DFG also works to globally impact government policies and social norms for the benefit of menstruators and menstrual health & hygiene. Governments and coalitions they are currently working with include:
- South Africa Department of Women, Youth, and People with Disabilities
- Parliament and county governments in Kenya
- Cambodia Ministry of Education, Youth, and Sports
- African Coalition for Menstrual Health Management
- Uganda Menstrual Health Management Steering Committee
- Habitat For Humanity India
There are loads of ways you can lend your support to DFG depending on your time and resources! Donations, either one-time or monthly, are always a great way to help. You could create your own fundraiser through the DFG platform or host work meetings to raise awareness for the organisation or lend your business’ support. DFG are always welcoming volunteers to join their teams.
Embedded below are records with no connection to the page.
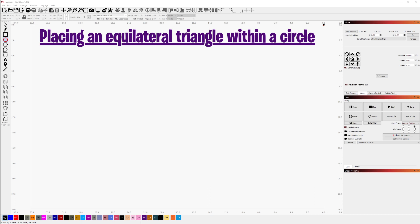Using Lightburn, this is a quick demonstration on placing an equilateral triangle within a circle.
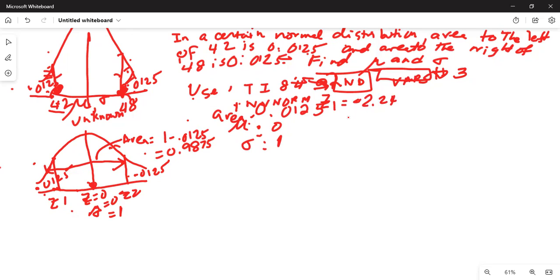For Z2, the area in the left tail is 0.9875 — that is the area under the normal curve to the left of Z2. Mean is 0, standard deviation is 1, and you will get Z2 equal to positive 2.24.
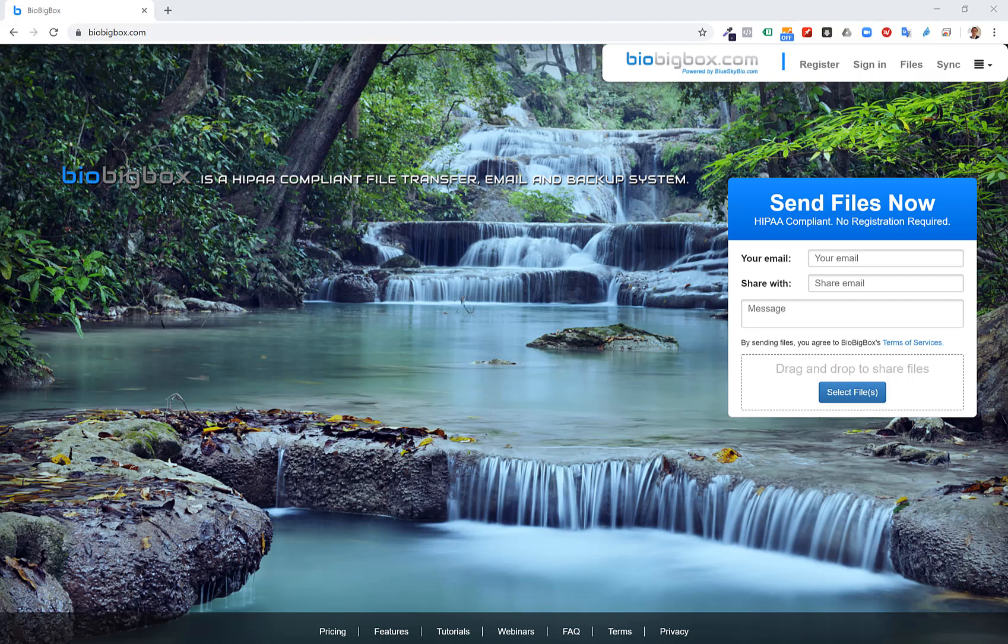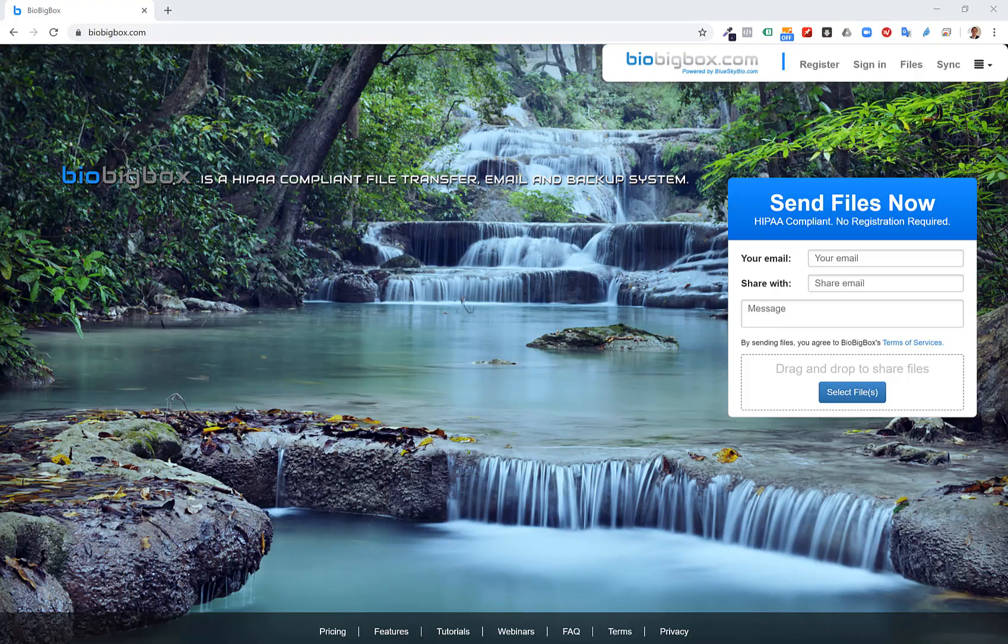So check out the website BioBigBox.com. It's a HIPAA compliant file transfer email and backup system. Most of the functionality can be used at no cost and if you do upgrade to a paid account, you get additional capabilities and features. You can mention that you heard me talk about it in this video and you are requesting a 50% discount on a premium account for three months time and we will send you a coupon code for that. Just go ahead and email us at plan at blue sky bio dot com and we could send you the coupon code for the 50% discount but again most of the features and functionality can be used at no cost.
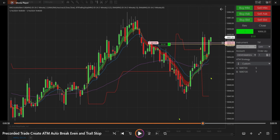Now you see it moved up — we were at 16956.25, it moved to 16957.25, and that moved our stop-loss to break-even plus one tick, so now our commissions are covered.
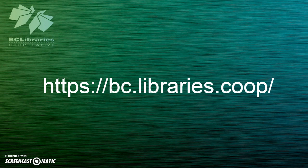Thank you for watching this video and for more information please visit the BC Libraries Cooperative website.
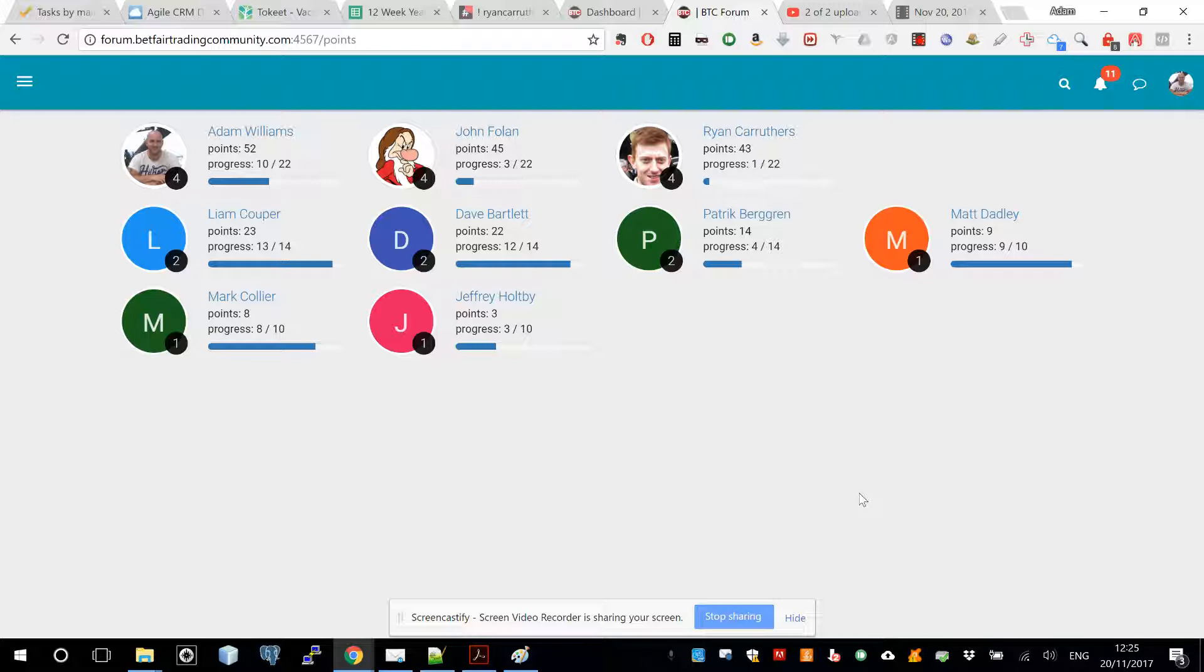Yeah, you get the idea anyway. It's like a leaderboard really. It shows you how many points each person's got, their progress, their level. It's set up as levels.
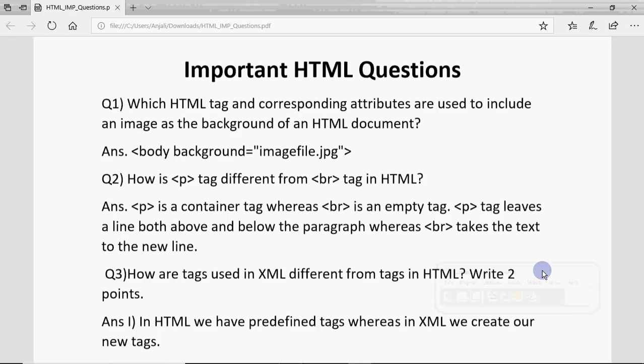Hey y'all, this is Anjali and in this video I'll explain which type of questions come about HTML and XML in your board exams. Usually we get questions for 1 or 2 marks for HTML and XML, and these are the types of questions that have been coming in the previous years.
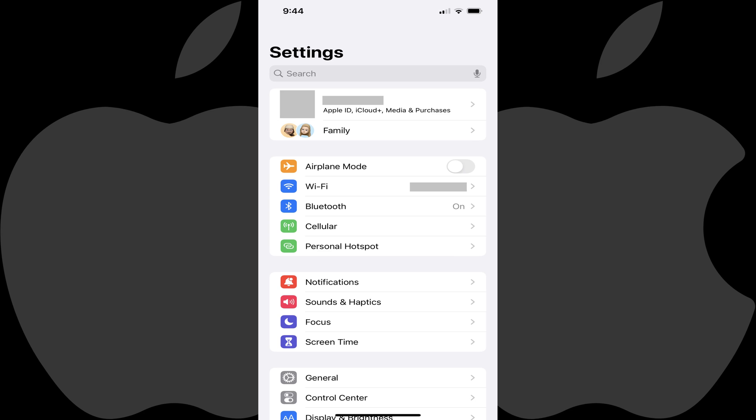Step 1: Open the Settings app on your iPhone or iPad. You'll land on your Settings menu.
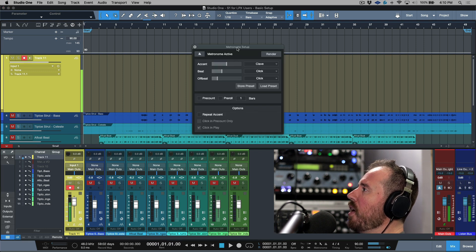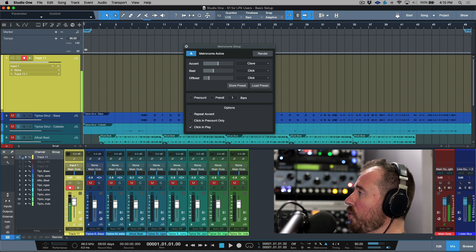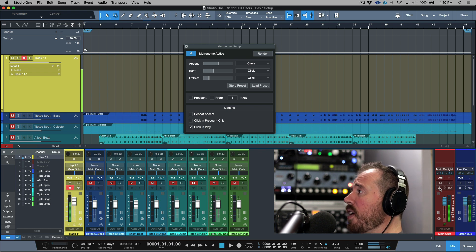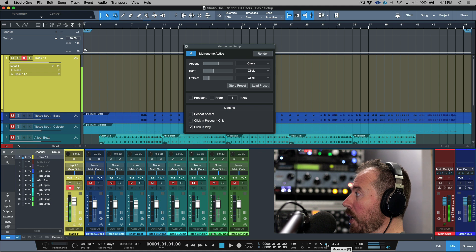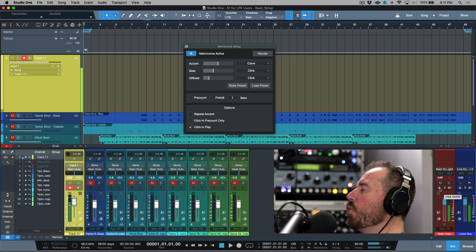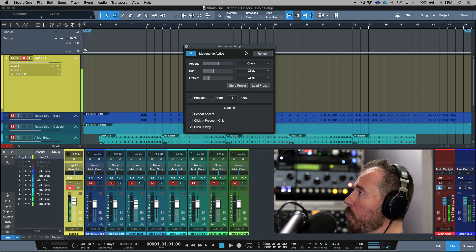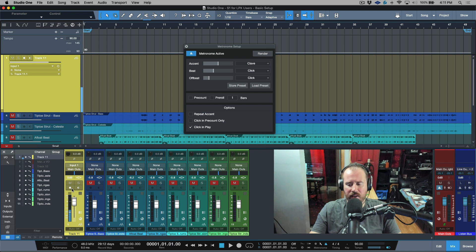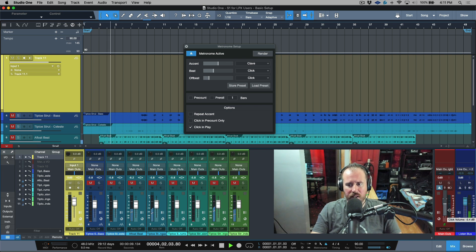One thing to point out is that whereas in other DAWs you may load an actual software instrument to generate click sounds, in Studio One the click is available within your metronome setup. I'll click metronome setup — notice I have these different settings. I can activate my click globally but turn it off for my main outs, and if I had a headphone cue send going to somebody else on different outputs, I could have their click on but mine off. I can control the individual click per output and also control the level of the click.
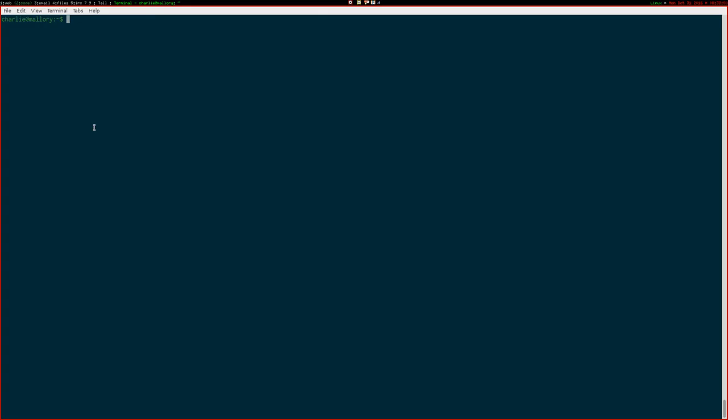So, the only other moving part is that there's a cron job, which you can run every so often, which actually deals with sending the tweets and stuff. And that is called, excitingly again, RSS Twit cron. And there we go. It didn't do anything that time, but if it had have done, it would have paused and sent out its tweets or whatever.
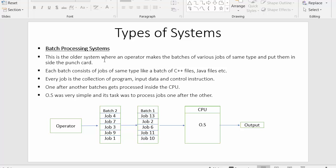Each batch consists of jobs of the same type, like a batch of C++ files, Java files, etc. For example, suppose using the batch processing system I want to process my files and I have some C files and Java files. What I will do is separate all my C++ files and Java files — I will make one batch of C++ files and another separate batch of Java files. Like this, batches of jobs of the same type are created and then sent to the CPU to get processed.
There is even the opportunity to visit a DFG centre on your travels. There are currently 3 impact zones – red, orange and blue – which are assigned to countries reflecting the severity of period poverty and level of support needed in those areas. These sustainable zones allow DFG volunteers to work on the ground with local leaders and communities. Several of these red and orange impact zones coincide with PureBreaks destinations, such as Kenya, Tanzania, Zimbabwe, Dominican Republic, Cambodia, Ecuador, Malawi and Zambia.
Femme International is a non-governmental organisation, founded in 2013, dedicated to ending the taboo around menstruation in East Africa and using a sustainable, community-based approach to tackle these issues. Using education, advocacy and distribution, their goal is to ensure menstruation is no longer a barrier and that all menstruators have equal opportunities. In East Africa, period poverty has a devastating effect on menstruating people. They’re forced to miss and sometimes drop out of school, miss work and lose income, and be excluded from day-to-day activities. Femme is currently working on two big projects:
The Twaweza Program
Twaweza means ‘we can’ in Swahili because Femme knows period poverty is something that we can fix. The Program runs with schools and communities in Kenya and Tanzania. Its two main components are education and distribution.
The teams lead interactive workshops to empower girls so they can feel comfortable with their bodies and not have their education disrupted, as well as to teach them about menstrual hygiene, anatomy, and menstrual management. The Program also distributes Femme Kits, which includes a reusable menstrual product, such as a washable pad or cup, a bar of soap, small towel and bowl.